Feng Shui has a lot to do with psychology and helps to decipher some messages our subconscious receives from the outside. Everything around us, in our apartment, work place, and environment in general is a symbol that sends us a message. Our subconscious keenly accepts those messages and shapes our attitudes and expectations accordingly. Normally we do not notice nor analyze the connection between the received messages and their influences on our psyche. And this is exactly what Feng Shui does.
Feng Shui studies the symbolism of the surrounding us objects and situations and the way these situations influence our emotions, habits and behavior. The reason we set ourselves up for failure or good luck fully depends on the surrounding us environment and how our subconscious interprets its messages.
For example, there is a saying “Opportunity comes through the front door”. Reflecting on it, I realize that I tend to get to my job through back alley rather than via the main street. What kind of message am I sending to myself? How does it reflect in my subconscious? That I am not worthy to use the main street? That somehow I have to sneak in? That I am avoiding direct ways and tend to do things in round about fashion?

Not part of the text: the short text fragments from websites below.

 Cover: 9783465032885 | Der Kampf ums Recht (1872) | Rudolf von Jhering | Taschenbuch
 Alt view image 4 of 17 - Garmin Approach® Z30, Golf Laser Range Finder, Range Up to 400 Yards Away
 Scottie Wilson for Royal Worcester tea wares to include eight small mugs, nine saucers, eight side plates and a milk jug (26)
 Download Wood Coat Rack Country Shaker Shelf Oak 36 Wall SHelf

Or, let’s say, my door lock is broken, paint is chipped and corridor is cluttered. By using the door every day, I get a repetative message of insecurity, exposure, anxiety and poverty. Thoughts like ‘I hope my neighbors do not know about my broken lock and would not break in” cross my mind. My emotions provoke images of lost opportunities, the need to hide something, to pretend (that lock is functioning and I am safe). Pretention becomes the means to achieve illusory security, pretending becomes my habit and a principle of my behavior. Moreover, new opportunities cannot come in because there is not enough space for them. I feel suffocated, depressed and overwhelmed. These images become part of my self representation and affect my life on the deepest level.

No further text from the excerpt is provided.